U.S. Woman's Retrial Opens in Peru
By THE ASSOCIATED PRESS
LIMA, Peru (AP) -- The retrial of New York native Lori Berenson opened
Tuesday, this time in a civilian court, after a five-year campaign against
her
conviction on terrorism charges by a secret military court.
Berenson sat behind bars in a concrete cell facing a panel of three judges,
listening
intently as officials read the charges -- including ``terrorist collaboration''
for her
alleged role in a thwarted guerrilla plot to seize Peru's Congress.
Five years ago, hooded military judges convicted Berenson, a leftist activist,
for
treason in a secret trial that denied her any semblance of a defense and
sentenced
her to life.
The government hopes the retrial -- this time in public -- will demonstrate
judicial
fairness after the fall of ex-President Alberto Fujimori, whose administration
exercised tight control over the courts.
The prosecution is seeking the minimum 20-year sentence.
The charges, read in a courtroom in the San Juan de Lurigancho men's prison
outside the capital Lima, alleged that Berenson, now 31, arrived to Peru
in late 1994
as part of an international radical network to aid the Tupac Amaru Revolutionary
Movement.
She was accused of renting a house used by the rebels as a hide-out and
secret
training center and posing as a journalist with the wife of a top guerrilla
leader to gain
entrance into Congress to plan a takeover.
Her parents, Mark and Rhoda Berenson, sat in the front row, accompanied
by their
legal adviser, New York attorney Tom Nooter, and observers from Georgetown
University and the Argentina office of the Simon Wiesenthal Center.
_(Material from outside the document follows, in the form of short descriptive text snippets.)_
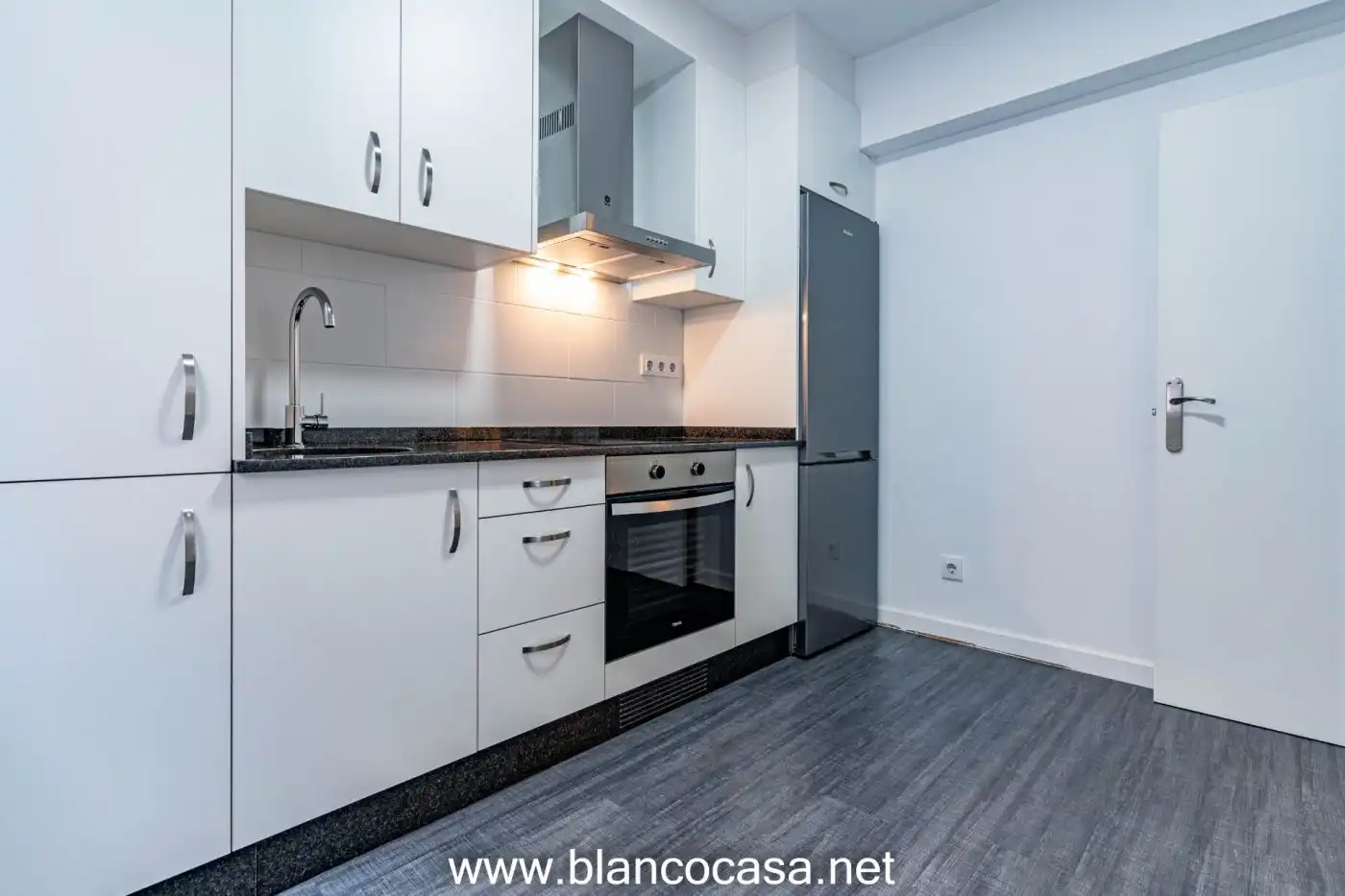 Cocina de Piso de alquiler en Carballo con Calefacción, Trastero y Amueblado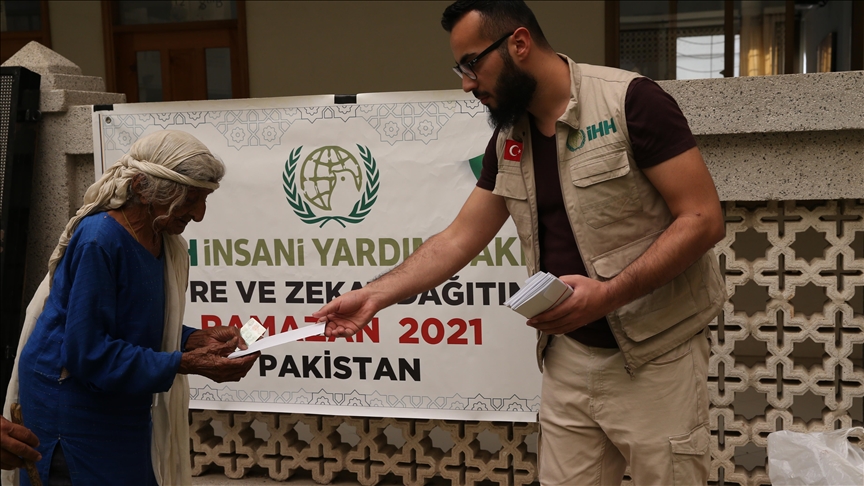 Турецкие благотворители оказали помощь 200 семьям в Пакистане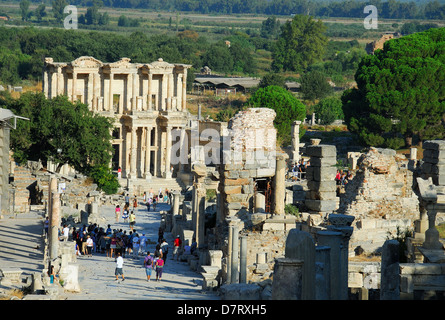 Efeso (EFESUS, EFES), Turchia. Modo Curetes e la Biblioteca di Celso. 2011. Foto Stock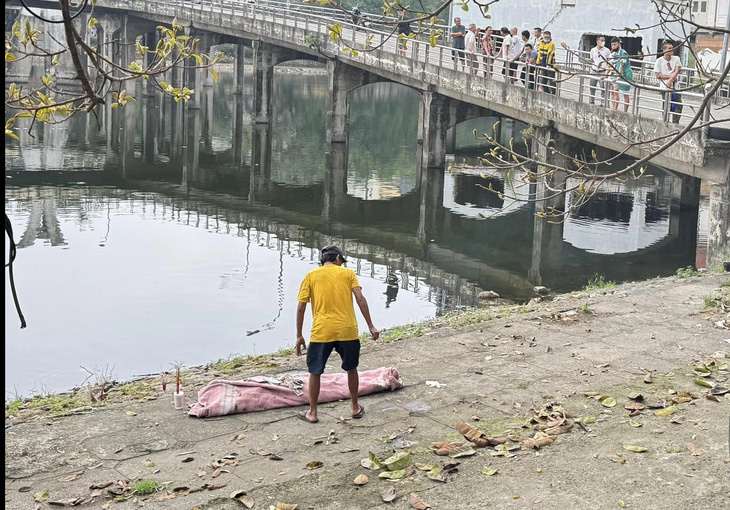 Khu vực phát hiện thi thể cô gái ở hồ thuộc phường Thanh Nhàn - Ảnh: M.T.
Berenson, wearing a white blouse and long dark skirt, showed no emotion
as she
sat with two anti-terrorism police at either side.
``If she is behind those bars, already it makes her look guilty before
we start,''
Nooter said. ``She's like a caged animal behind bars before they've even
presented
any evidence against her. That is shocking.''
Rhoda Berenson clutched a cassette recorder, saying she would tape the
proceedings for translation later.
Berenson has denied she knew her house mates in 1995 were members of the
rebel
group, known by its Spanish acronym, MRTA, or that they planned to try
to take
over Congress to exchange hostages for jailed rebels.
The prosecution brought up Berenson's public pre-sentence declaration in
January
1996 in which she angrily shouted support for Peru's poor and declared,
``There are
no criminal terrorists in the MRTA. It is a revolutionary movement.''
After years of pressure from the United States, Peru's top military court
overturned
the conviction in August, paving the way for a new civilian trial on the
lesser
collaboration charge.
Berenson's lawyer, Jose Luis Sandoval, has said his client was duped by
the Tupac
Amaru guerrillas and said rebels scheduled to testify in the new trial
have altered,
recanted or disavowed alleged statements that had implicated Berenson in
the first
trial.
Oral testimony is expected to last at least 15 days. The three-judge court
could take
more than a month to reach its verdict by majority vote. Peru does not
have a jury
system. Under Peru's legal system the prosecution may appeal, meaning whatever
the outcome, the case will likely be decided in Peru's Supreme Court.